I am conflicted about the licensing for one of my projects. My goals for the license are very similar to the GPL, with one notable exception. I want to remain the sole copyright owner - to keep options like potentially commercially licensing the project under another license open.

In my understanding, all would be fine with just the GPL, except for contributions. The way all the big projects work is, by requiring contributors to sign a CLA/CTA - which to be frank is hugely unrealistic for 99% of contributors to do for something like a simple bug fix.

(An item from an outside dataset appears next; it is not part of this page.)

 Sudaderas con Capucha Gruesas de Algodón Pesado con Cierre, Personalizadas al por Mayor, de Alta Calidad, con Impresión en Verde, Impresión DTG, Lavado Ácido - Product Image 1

This question is certainly similar to this one this one The main differences being a) Exclusive copyright and b) enforceability; is a comment on a PR enough? ('Do you agree with the terms as stated in...?' 'I do'). Thanks.

  • 2
    Copyright assignments are impossible in some countries, which is why CLAs are more useful (and achieve essentially the same effect). There may also be formal requirements for a transfer, e.g. written form, or that the original rightsholder receives something in consideration for transferring the copyright. This is very much something you shouldn't do something by yourself, but would require a lawyer to draw up a reliable contract.
    – amon
    Dec 17, 2020 at 21:48
  • You might also want to read this question, which considers the validity of click-through and implicit CLA/CTAs.
    – MadHatter
    Dec 18, 2020 at 7:21

1 Answer 1


The reason that all the big projects have CLAs or similar is precisely because they have been advised by their lawyers that a comment on a PR or similar isn't enough to protect them. You can make your own judgment based on that.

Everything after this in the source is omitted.